__Your objective__. The answer must consist solely of the lines from the line with "108 Locust Grove" to the final line of the data below, reproduced exactly, pictures omitted.

Short web captions
┌────────

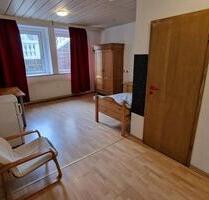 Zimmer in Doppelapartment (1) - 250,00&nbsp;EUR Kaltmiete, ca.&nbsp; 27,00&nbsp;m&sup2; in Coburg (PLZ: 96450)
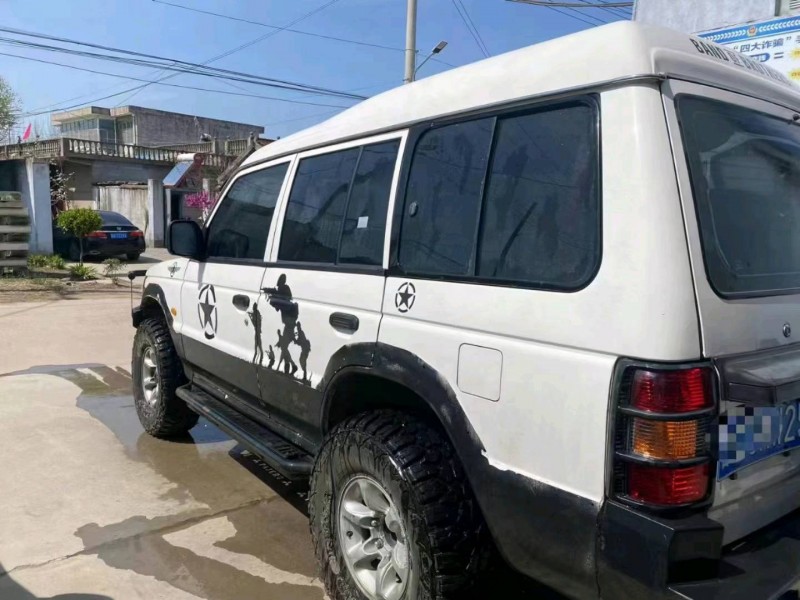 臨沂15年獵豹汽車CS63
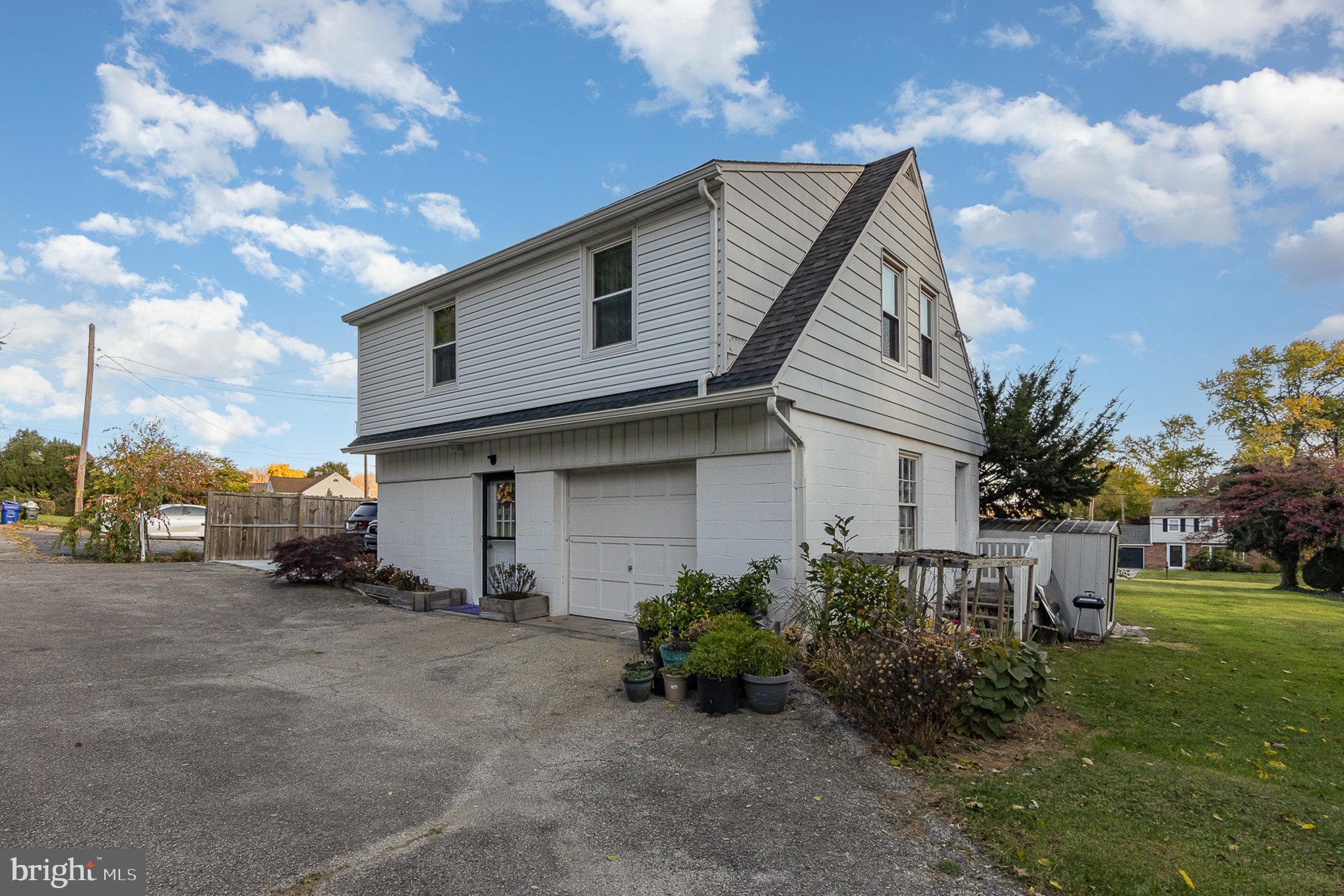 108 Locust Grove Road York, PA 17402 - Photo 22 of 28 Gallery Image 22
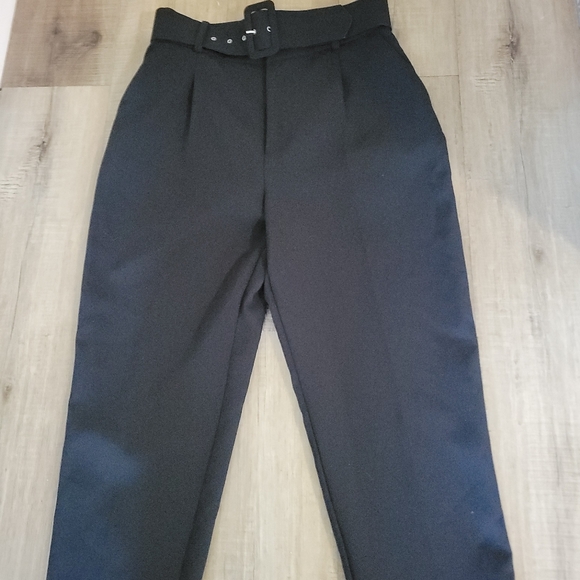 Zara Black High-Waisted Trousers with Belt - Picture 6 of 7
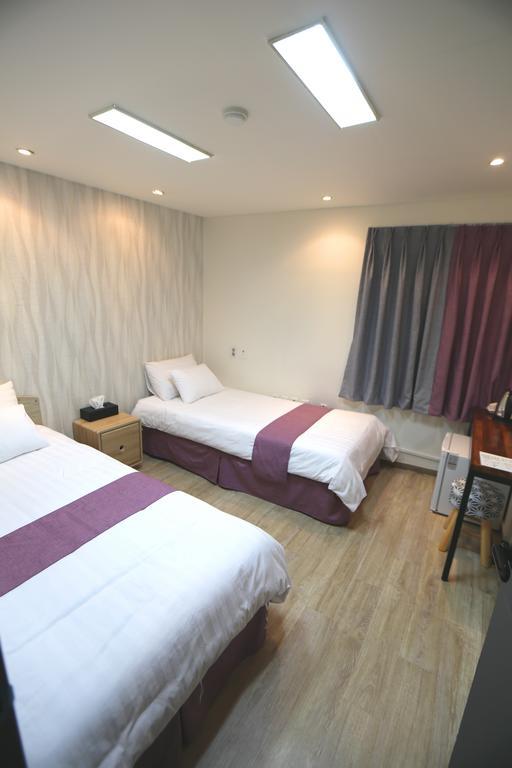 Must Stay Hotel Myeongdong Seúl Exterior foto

└────────

__Solution__.
 108 Locust Grove Road York, PA 17402 - Photo 22 of 28 Gallery Image 22
 Zara Black High-Waisted Trousers with Belt - Picture 6 of 7
 Must Stay Hotel Myeongdong Seúl Exterior foto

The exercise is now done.